First in a Series: RNC 'Autopsy' Looks Like an Inside Job

First in a Series: RNC 'Autopsy' Looks Like an Inside Job

On Monday, Republican National Committee Chairman Priebus announced that a five person team of insiders  will chair the committee responsible for his much promised “autopsy” of the failed 2012 Republican campaign. Priebus had promised that the “autopsy” would be conducted by outsiders, but a look at the backgrounds of the team members confirms what conservative and grassroots critics have suspected would be the case: it’s an inside job.

Politico reported the details:

The Republican National Committee is rolling out a plan to review what worked and what didn’t for the party in the 2012 cycle, appointing five people at the top of a committee that will make recommendations on things like demographics, messaging and fundraising.

The Growth and Opportunity Project is going to be chaired by RNC committee member Henry Barbour, longtime Jeb Bush adviser and political operative Sally Bradshaw, former George W. Bush press secretary Ari Fleischer, Puerto Rico RNC committee member Zori Fonalledas, and South Carolina RNC member Glenn McCall. Priebus, who is running for a second term, is holding a call with committee members to roll out the plan this afternoon.

The plan will not address two critical areas on which Breitbart has reported recently: (1) the apparent conflicts of interest involving personal and business connections between officials at the RNC and the Romney campaign and a handful of key vendors who were paid well over $150 million during the recent campaign and (2) the failure of the Republican online media efforts.

Instead, according to Monday’s RNC press release, the plan will be limited to these eight areas: (1) campaign mechanics and the ground game (2) fundraising (3) demographics (4) messaging (5) third party outside groups (6) campaign finance (7) the national primary process and (8) lessons learned from the Democrats.

Upon completion, the committee “will report their findings to Chairman Priebus and make recommendations for a long-term strategy for the future.”

Though Priebus had promised the autopsy would be conducted by “outsiders,” his definition of what constitutes an “outsider” appears to include those who currently office “outside the physical boundaries” of the Republican National Committee headquarters in Washington.

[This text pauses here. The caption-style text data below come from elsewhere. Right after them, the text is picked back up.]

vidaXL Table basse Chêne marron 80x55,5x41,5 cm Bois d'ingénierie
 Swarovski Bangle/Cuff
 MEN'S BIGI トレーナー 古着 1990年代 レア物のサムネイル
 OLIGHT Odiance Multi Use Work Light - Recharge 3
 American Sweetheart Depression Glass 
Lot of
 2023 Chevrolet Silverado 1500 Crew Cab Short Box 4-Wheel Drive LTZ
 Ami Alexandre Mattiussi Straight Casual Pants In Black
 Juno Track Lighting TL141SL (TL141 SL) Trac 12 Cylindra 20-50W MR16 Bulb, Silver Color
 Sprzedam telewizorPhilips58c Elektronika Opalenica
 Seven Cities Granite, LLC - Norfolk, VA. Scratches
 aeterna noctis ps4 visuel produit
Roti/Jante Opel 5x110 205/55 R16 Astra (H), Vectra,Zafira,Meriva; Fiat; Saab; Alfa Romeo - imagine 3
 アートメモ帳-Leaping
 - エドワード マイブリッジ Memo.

All five chairs are, by any other measure, quintessential Republican establishment insiders. Not one member of the commission is an identifiable conservative, Reaganite or tea party activist.

Henry Barbour is the insider’s insider. He knows his way around the Republican National Committee offices, having worked there from 1992 to 1995. The nephew of former RNC Chairman and former Mississippi Governor Haley Barbour, Henry is well known as one of the most prolific lobbyists and behind the scenes power brokers in Republican politics today. The website of Barber’s firm, Capitol Resources, boasts of his “24 years of leadership roles in Mississippi and the National Republican Party.”

His accomplishments and connections within the Republican establishment are many, according to the web site. Most notably he “helped run RNC Chairman Reince Priebus’ campaign for chairman.”

He also served as his uncle’s campaign manager during his successful race for governor of Mississippi in 2003, managed Chip Pickering’s successful Mississippi congressional campaigns, and served on George H.W. Bush’s campaign staffs in 1988 and 1992.

Ari Fleischer is President George W. Bush’s former press secretary and currently runs a sports communication firm.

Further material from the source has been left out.